I last met Mr. Netanyahu during a Republican Jewish Coalition mission to Israel during my tenure as California Republican Party Chairman.  The man I met was the same formidable leader in person as he appeared when speaking before a Joint Session of Congress earlier this month.

President Obama, whose disdain for the Israeli leader is well known, gambled that he could turn the Netanyahu speech into a political liability as he and his surrogates worked tirelessly to make the speech “controversial.”  Their strategy, it appeared, was to put Mr. Netanyahu into a box: withdrawing from the speech would make him look weak, while going through it would be harmful to the “fabric” of the U.S.-Israel relationship as National Security Adviser Susan Rice put it.

Netanyahu gave the speech anyway, and in so doing he put the President’s Democrats’ in Congress into the box.  They could either boycott the speech as the President’s people were encouraging them to, or they could attend and provide de facto approval to the Israeli leader and his appearance.  Most attended, diminishing the President instead of the Prime Minister.

In addition to the President’s clumsy attempt to turn the Prime Minister’s speech against him, Mr. Obama’s fingerprints were all over the left’s anti-Netanyahu campaign on the ground in Israel. That effort was supported by Mr. Obama’s former campaign director Jeremy Bird.

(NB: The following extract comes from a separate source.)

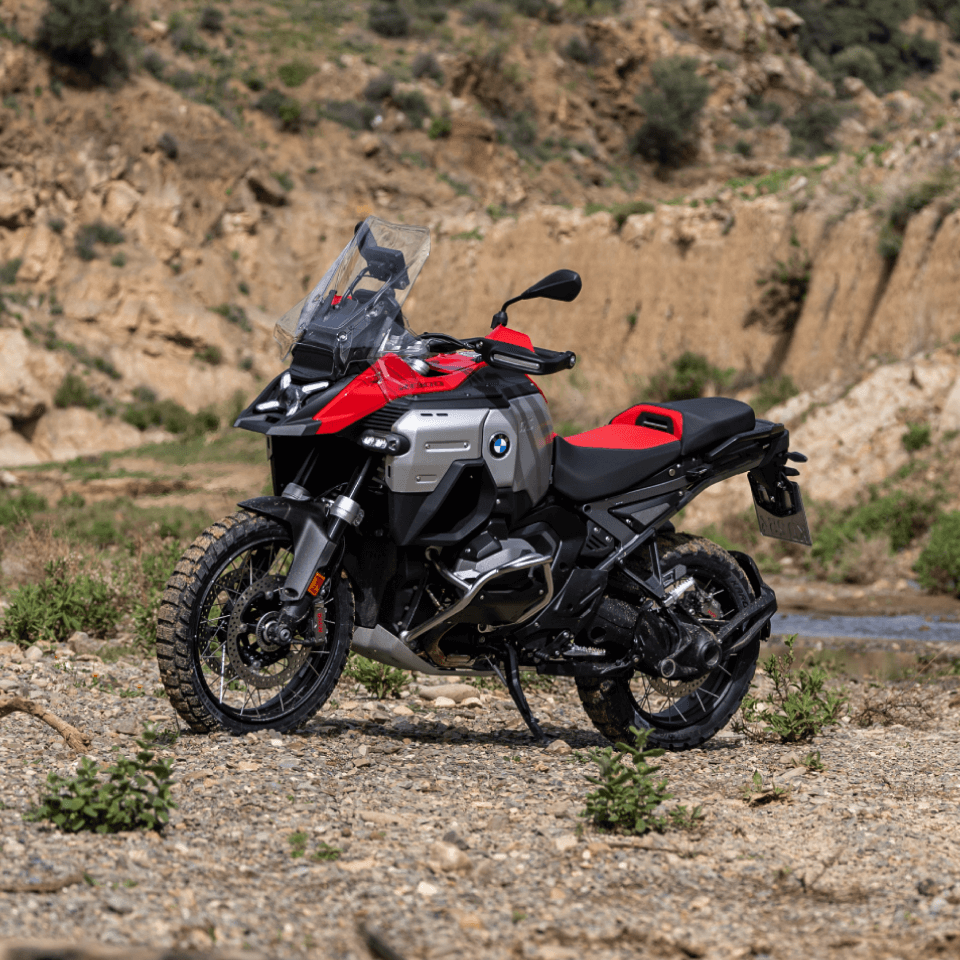 NACIONAL - Nova BMW R 1300 GS Adventure - 2 Novembro_LP MOBILE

Although Mr. Bird is not a government official and is free to make money in whatever leftist campaigns around the world he chooses, anyone involved in politics for more than a few minutes knows that if a single senior official at the White House had frowned upon it, Mr. Bird would have been anywhere but in Israel.

Finally, the Senate is now investigating whether U.S. taxpayer funds were used to further reinforce the anti-Netanyahu campaign through a non-profit called One Voice, which according to press reports partnered with V15 in the anti-Netanyahu effort.  The State Department claims public funding for One Voice stopped in November, before the elections were called a month later.

However, to people experienced in politics the fact that State Department grants helped One Voice keep its doors open and build infrastructure that could then be turned against the elected Israeli government makes State’s excuses reliant upon a distinction without a difference.  It’s little different than government grants going to ACORN ostensibly for voter registration purposes while the same infrastructure is used for overt political activity.

Over the last few decades, every American President has sought to seal their legacy by facilitating peace in the Middle East.  President Obama and his team clearly believed that such a negotiated peace would have been much more likely with a leftist Israeli government led by Labor’s Isaac Herzog than Mr. Netanyahu.  And over the last week, polls suggested Mr. Obama was about to get his way.

Down in the polls, Mr. Netanyahu made one of the gutsiest political moves I’ve seen in a while.  Rather than shift to the left on the Palestinian question (a typical American maneuver to “move to the center”), “Bibi” doubled down, shifting to the right by declaring there would be no Palestinian state established during his next watch, reversing a position he had taken in 2009 when he first endorsed the “two-state solution.”

In doing so, Mr. Netanyahu changed both the political and policy dynamics.  Politically, he reversed his slide and voters rewarded him with a 7-seat plurality in the Knesset.  And in terms of policy, he put even more distance between himself and Mr. Obama and Secretary of State John Kerrey, both of whom seem almost as desperate to reach a deal – any deal – with the Palestinians as with Iran.

Israeli politics are complicated – something I’ve learned during my time with both Israeli and Palestinian politicians.  The President and his foreign policy team should have been smart enough to keep the American government out of internal Israeli politics.  Their fumble further diminishes American global influence.

Mr. Obama’s “reward” will be having Benjamin Netanyahu as Israel’s Prime Minister for every remaining day of his term.